Advantages of Mergers and Acquisitions
In order to determine the advantages and disadvantages of M&A, we have to keep one thing in mind: It is only deemed beneficial if there is synergy involved. Here are some important advantages:
- Increased ability to capture synergies: A merger or acquisition should only happen if both firms can see the synergistic effects of combining the two firms.
- Intellectual property: The business combination might give both firms access to intellectual property that they don't already have.
- Personnel: There may be valuable talent for the acquiring firm that exists in the target company.
- Economies of scale: The combined firm may become more efficient at utilizing its assets due to the merger or acquisition.
- Economies of scope: The acquiring firm may be able to use similar production processes for the products manufactured by the target firm.
- Research and development: The combined firm may gain efficiencies through the synergy between the two firms that free up money for increased research and development.
Remember that diversification is not an advantage of mergers or acquisitions since investors can diversify their own portfolios.
Risks of Mergers and Acquisitions
While M&A offers a fair share of advantages for the parties involved, it can also come with its own set of risks, which includes:
- Corporate governance: There is the potential for clashes between the management of the acquiring and target companies unless terms are completely spelled out.
- Corporate cultures: There is always the chance that the cultures of the two firms may not be compatible. If this is the case, day-to-day operations would be difficult.
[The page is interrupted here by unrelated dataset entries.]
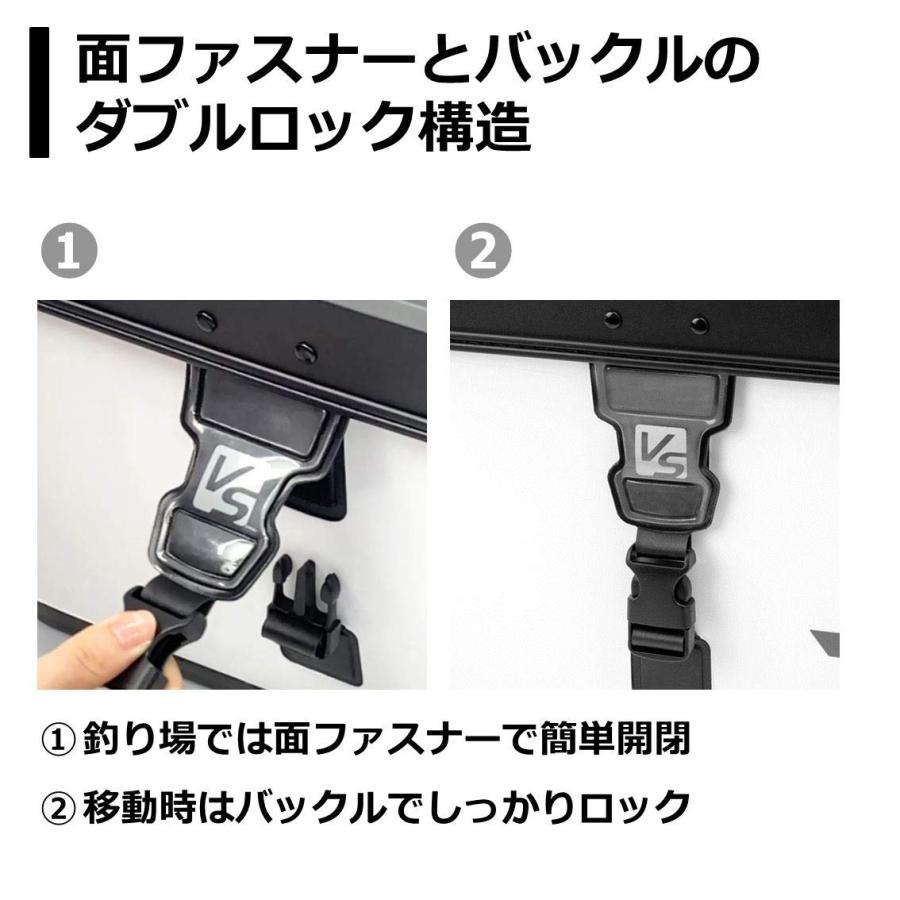 ダイワ(DAIWA) VS タックルバッグ S40(A) ブラックの画像
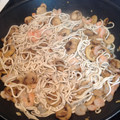 El cooksnap de anmulero cuando hizo Salteado de champiñones, gulas y gambones.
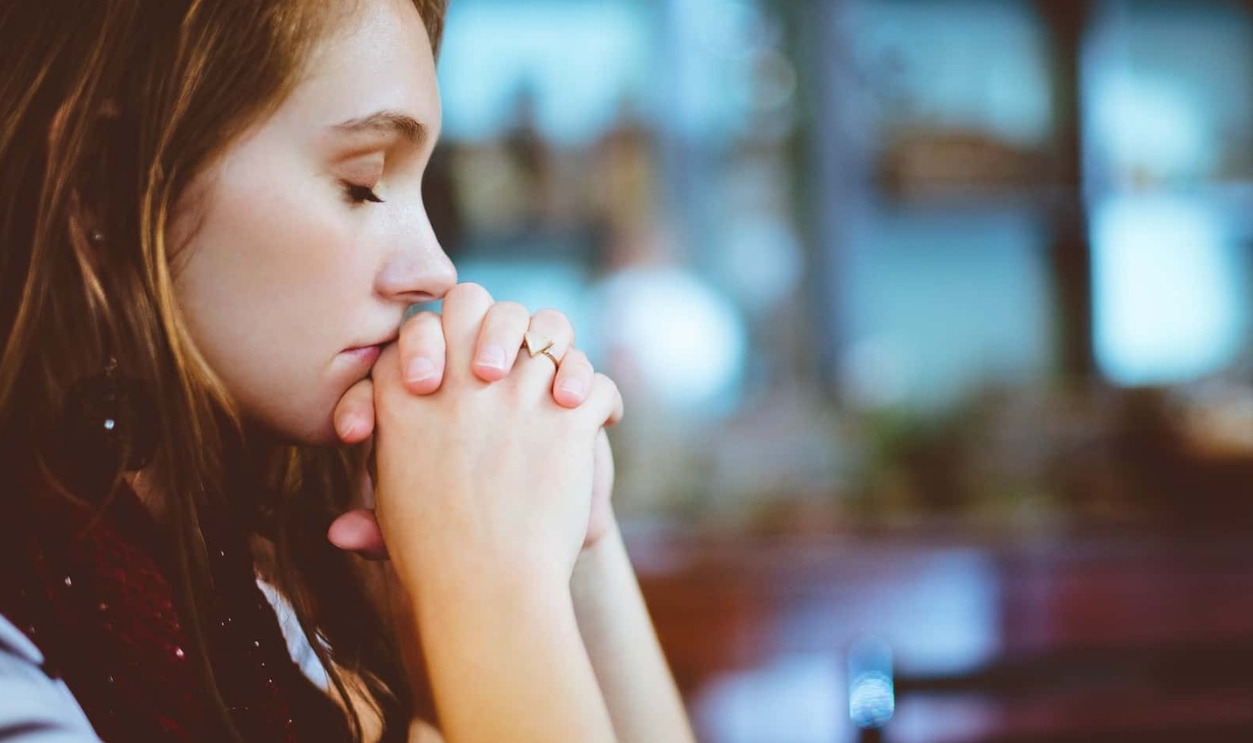 Woman Praying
- Monopolistic behavior: If the merger or acquisition is too large, market efficiency and competitiveness may be reduced and charges of monopolistic behavior may ensue.
- Overestimating synergies: Many times, the acquirer overestimates the synergies between the two companies. Determining the synergies should be approached with caution and with full knowledge of the target firm.
- Paying too much: Over-valuation of the target firm occurs often. If the acquiring firm pays too much for the target firm, the maximization of shareholder wealth did not occur with regard to the business combination.